__INFORMATION SUPPLIED__
********

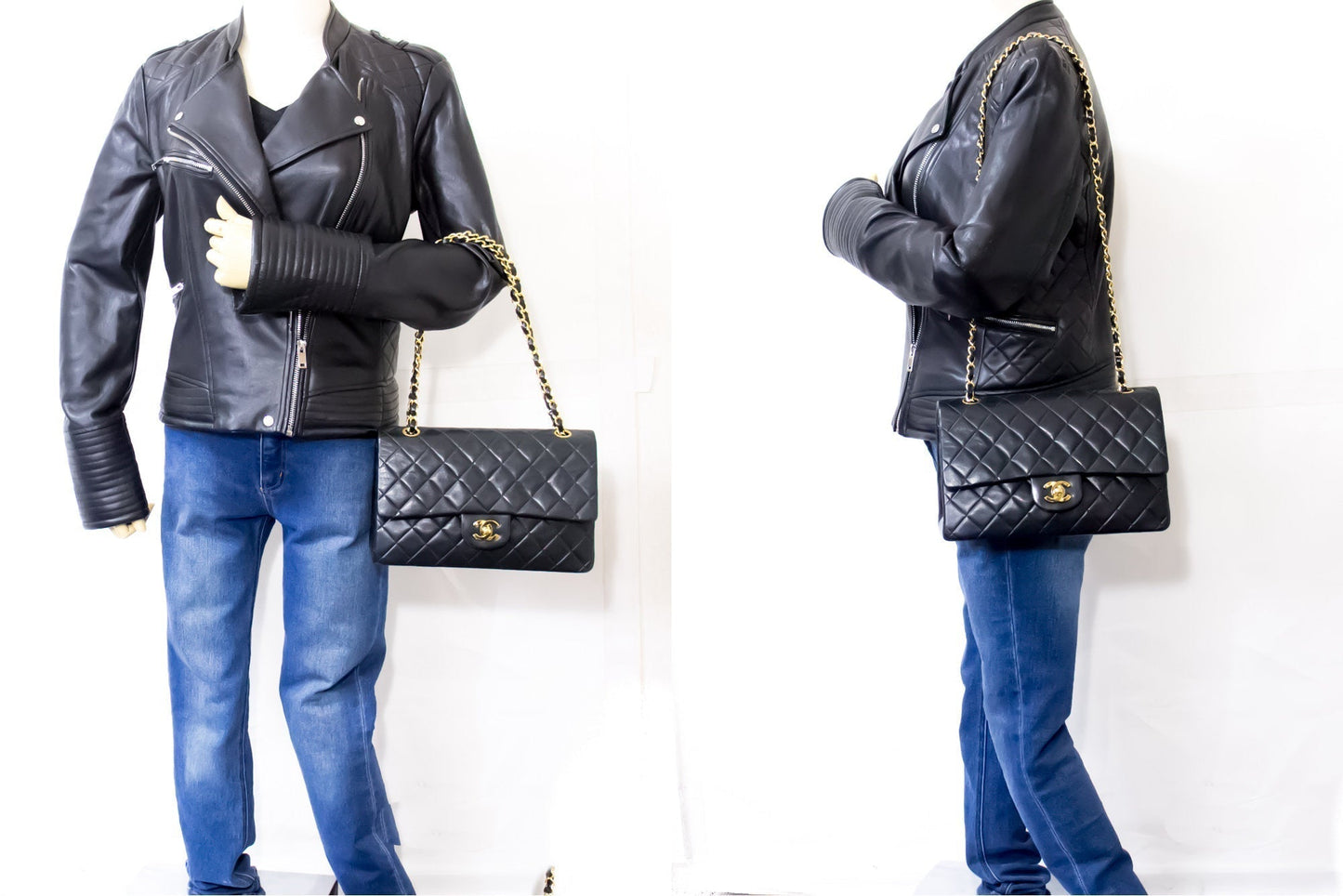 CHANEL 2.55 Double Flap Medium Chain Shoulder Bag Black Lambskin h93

********

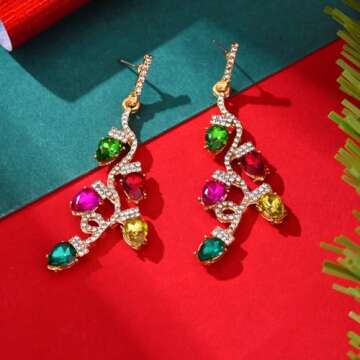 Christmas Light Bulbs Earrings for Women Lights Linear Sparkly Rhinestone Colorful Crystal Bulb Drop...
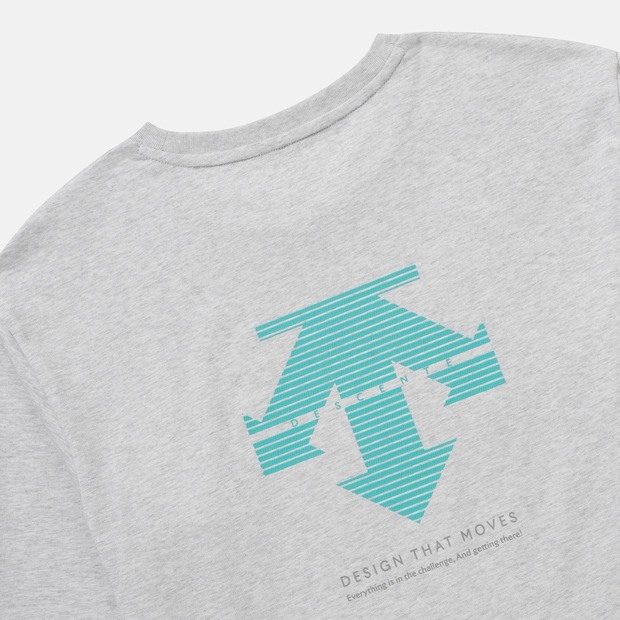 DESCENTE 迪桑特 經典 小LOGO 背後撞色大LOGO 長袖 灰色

********

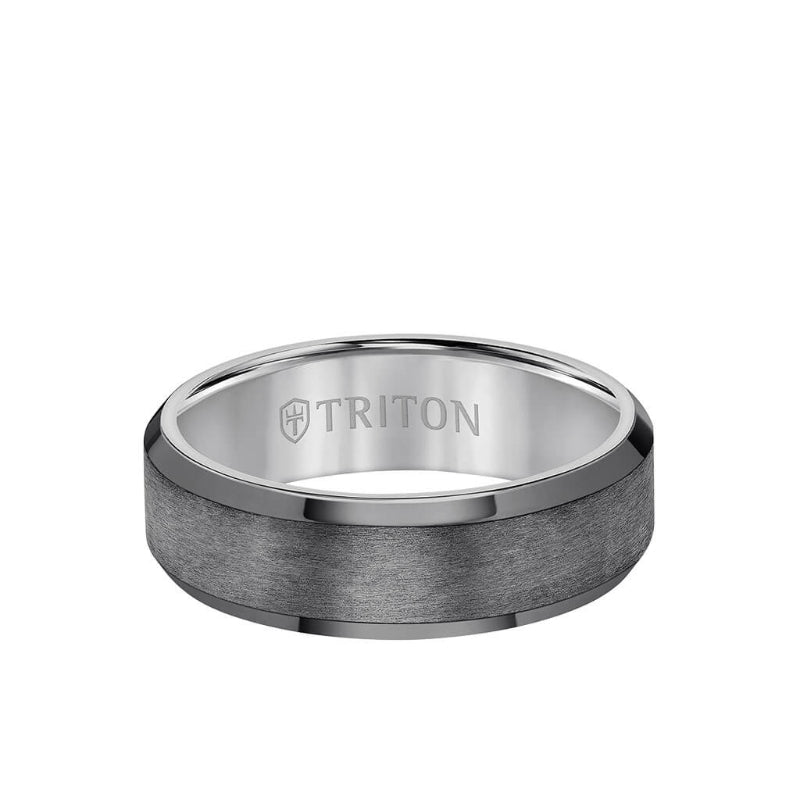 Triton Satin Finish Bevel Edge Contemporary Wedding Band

********

__WHAT TO DO__
Reproduce the data above exactly, but only from the line containing "Christmas Light Bulbs" through the line containing "DESCENTE 迪桑特 經典 小LOGO 背後撞色大LOGO 長袖 灰色". Omit all pictures.

__WRITTEN SOLUTION__
 Christmas Light Bulbs Earrings for Women Lights Linear Sparkly Rhinestone Colorful Crystal Bulb Drop...
 DESCENTE 迪桑特 經典 小LOGO 背後撞色大LOGO 長袖 灰色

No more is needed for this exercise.